A Argentina foi condenada à marginalidade financeira a partir do calote internacional, no começo do século, e só começou a recuperar sua imagem quando o governo se dispôs a um entendimento com os chamados holdouts, os credores mantidos fora do acordo inicial dos credores mais flexíveis. Durante anos, o governo da Venezuela bolivariana foi um dos poucos compradores dos papéis emitidos pelo Tesouro argentino. Com a pior classificação na tabela da S&P, a Venezuela é um dos poucos latino-americanos em posição mais baixa que a da Argentina.

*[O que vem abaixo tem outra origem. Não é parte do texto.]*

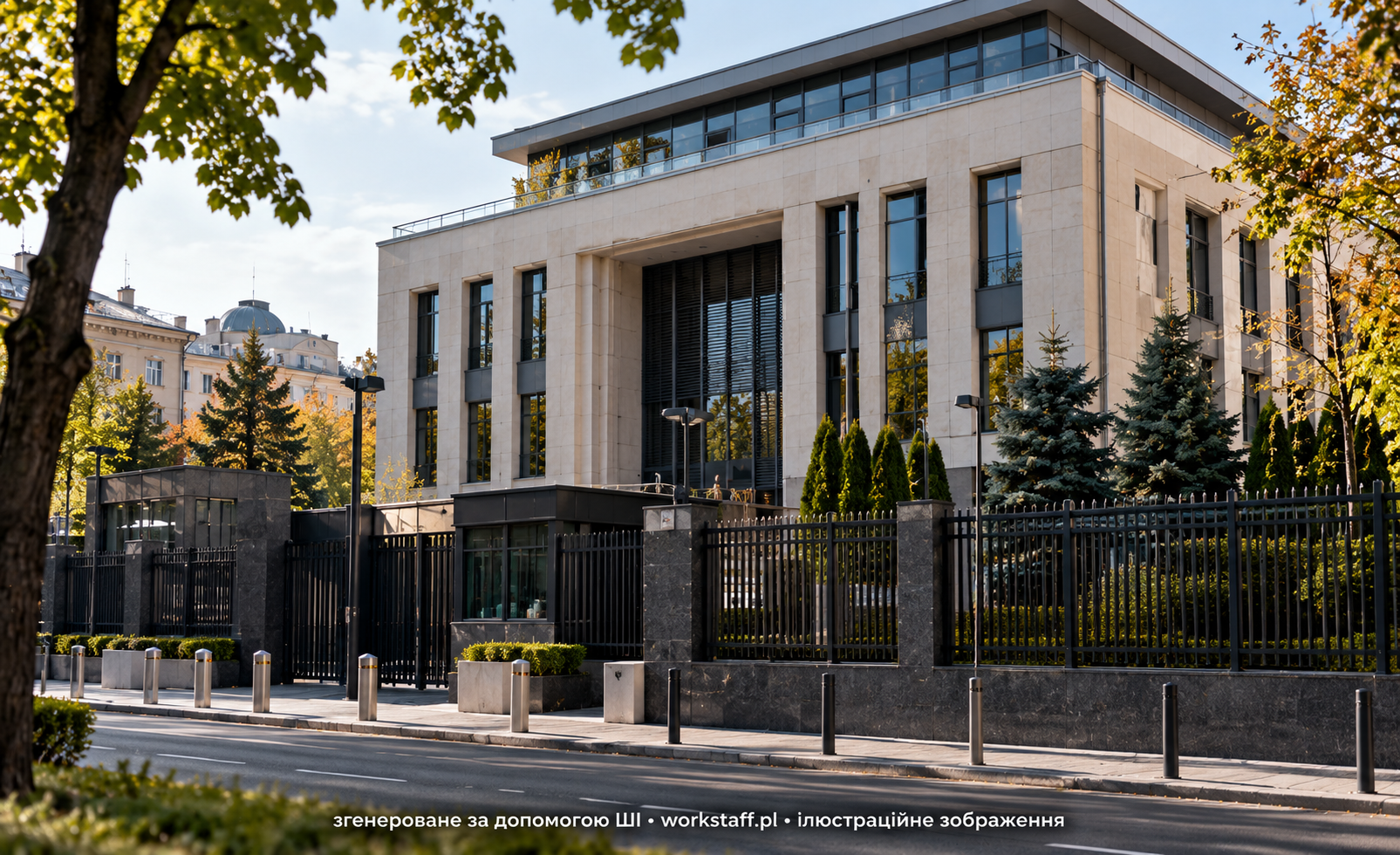 Посольство Польщі в Києві продовжує роботу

Na pior fase, nem com o Fundo Monetário Internacional (FMI), a principal fonte de ajuda aos países em crise, o governo argentino conseguiu conversar. Nem os dados oficiais publicados em Buenos Aires eram aproveitáveis sem ressalva em relatórios produzidos pelo Fundo. As distorções introduzidas nas estatísticas durante o período dos presidentes Néstor e Cristina Kirchner só começaram a ser corrigidas seriamente no atual governo.

Nesse período, o governo continuou publicando dados de inflação, mas com escassa credibilidade. Instituições do mercado financeiro passaram a produzir estimativas independentes, mais úteis que as oficiais. Também no Congresso apareceram cálculos alternativos da evolução dos preços.

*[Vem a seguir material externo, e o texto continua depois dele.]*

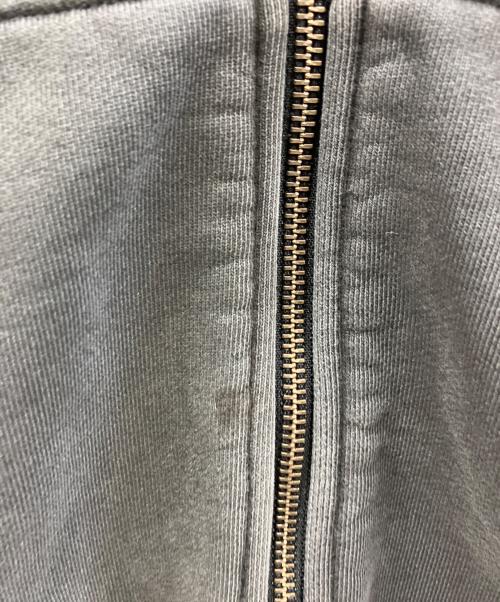 X-LARGE（エクストララージ）X-LARGE (エクストララージ) ジップパーカー グレー サイズ:Mの古着・服飾アイテム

Ainda há divergências entre os números oficiais e os de mercado, como em muitos países, mas com diferenças menores. Nos últimos dias, ficou em 21,2% a mediana das projeções do mercado para a inflação dos preços ao consumidor neste ano. O Banco Central (BC) divulgou uma estimativa com amplo intervalo, de 12% a 17%. A S&P projetou 20% para este ano, 15% para 2018, 12% para 2019 e 9% para 2020. Sua estimativa de crescimento econômico ficou em 3% anuais, em média, para um período de três anos.

Mas os Kirchners foram além da falsificação dos números e produziram distorções nos preços por meio de subsídios. O governo do presidente Mauricio Macri teve de cuidar também desse problema e para isso precisou criar uma inflação corretiva. O efeito foi penoso para os consumidores quando começou a normalização das tarifas de eletricidade. Correções desse tipo são tão indispensáveis quanto impopulares. Isso também se verificou no Brasil, quando a presidente Dilma Rousseff, sem alternativa, teve de permitir a correção de tarifas de energia elétrica represadas por uma desastrosa decisão dela mesma.

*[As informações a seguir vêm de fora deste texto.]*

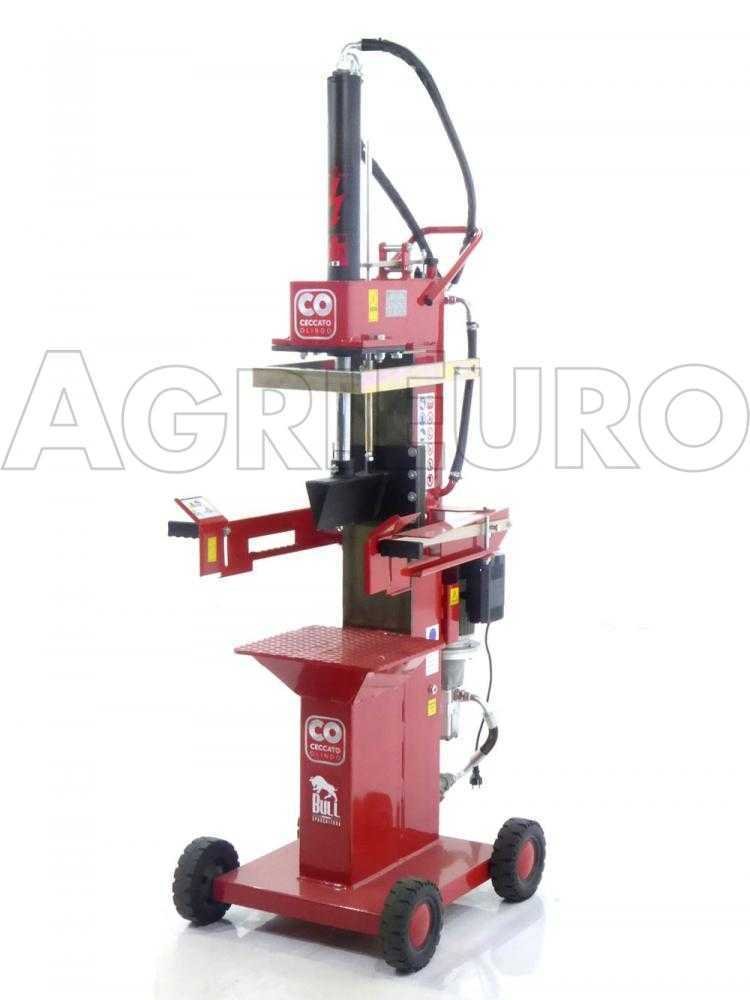 ceccato bull sple13r4 fendeuse à bois électrique verticale 230v ceccato bull sple13r4 fendeuse à bois électrique verticale 230v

No caso brasileiro, as distorções por interferência nos preços foram amplas e afetaram o mercado de combustíveis e, naturalmente, as finanças da maior estatal brasileira, a Petrobrás, afetada também pelo saque promovido à sombra dos governos petistas. A mudança da política de preços foi uma das primeiras decisões da atual administração.

A eliminação das distorções é uma das mudanças destacadas no relatório da S&P sobre a Argentina, que menciona os “primeiros passos para resolver os grandes desequilíbrios econômicos e as distorções microeconômicas”. A redução progressiva da inflação é citada juntamente com o reajuste das tarifas de serviços públicos para cobertura de seus custos. Há referência à reorganização do serviço de estatísticas e à crescente independência do BC, antes forçado a financiar as contas públicas. É, enfim, um conserto longo, complicado e sujeito a muita oposição. Mas é o único caminho realista.